__What is required__
Set down, exactly as they stand, the lines from the one containing "Yang Zhiping —" through the last line of the records below, leaving every picture out.

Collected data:
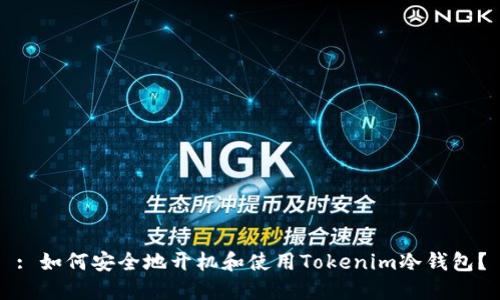 : 如何安全地开机和使用Tokenim冷钱包？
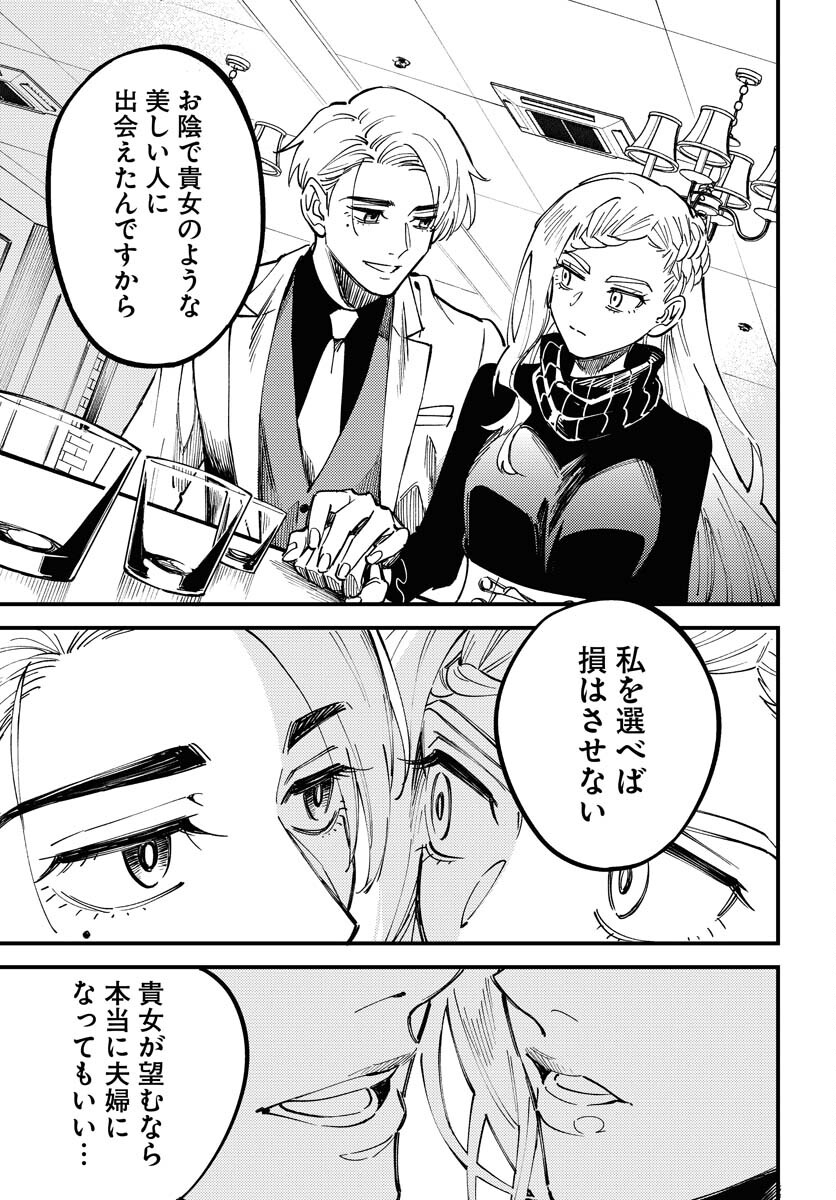 Story Of The Family Not To Die Chapter 30 page 23 - nihonkuni.com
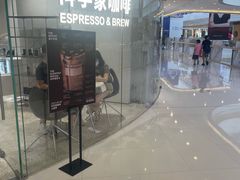 -科学家咖啡(恒隆广场店)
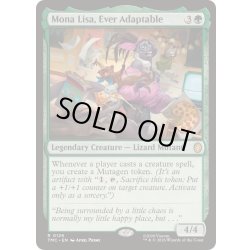 画像1: Mona Lisa, Ever Adaptable《英語》【TMC】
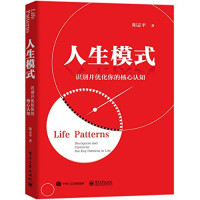 Yang Zhiping — Life Patterns (Chinese Edition)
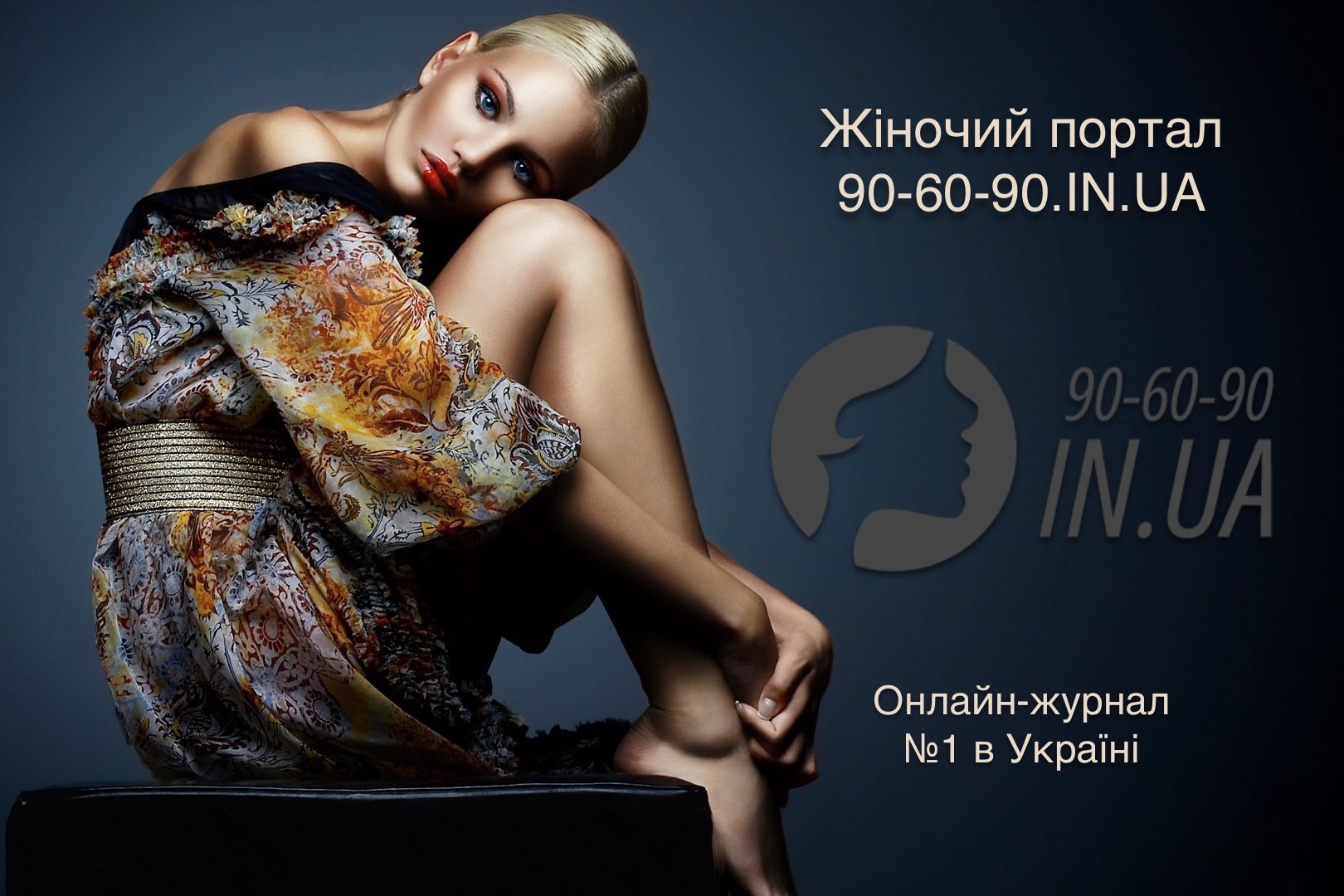 Український сайт про моду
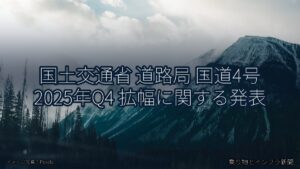 国土交通省 道路局 国道4号 2025年Q4 拡幅に関する発表（乗り物とインフラ新聞）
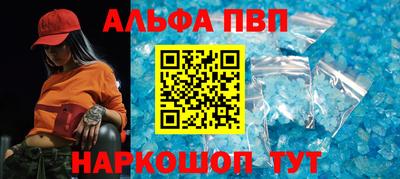 метадон Кимры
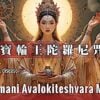 Chintamani Avalokiteshvara MantraBuddha Weekly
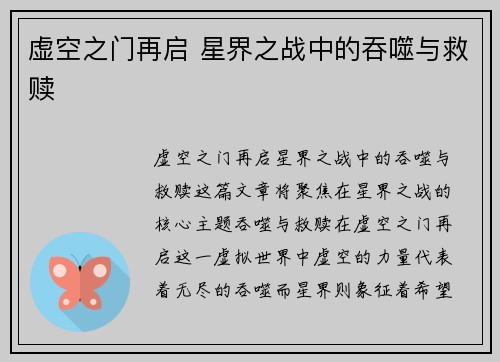 虚空之门再启 星界之战中的吞噬与救赎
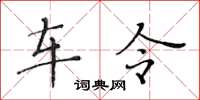 黃華生車令楷書怎么寫
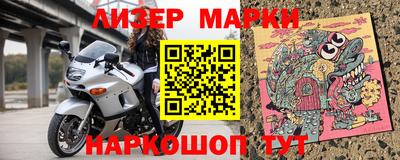 прущие крисы Обнинск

__Solution below__
 Yang Zhiping — Life Patterns (Chinese Edition)
 Український сайт про моду
 国土交通省 道路局 国道4号 2025年Q4 拡幅に関する発表（乗り物とインフラ新聞）
 метадон Кимры
 Chintamani Avalokiteshvara MantraBuddha Weekly
 虚空之门再启 星界之战中的吞噬与救赎
 黃華生車令楷書怎么寫
 прущие крисы Обнинск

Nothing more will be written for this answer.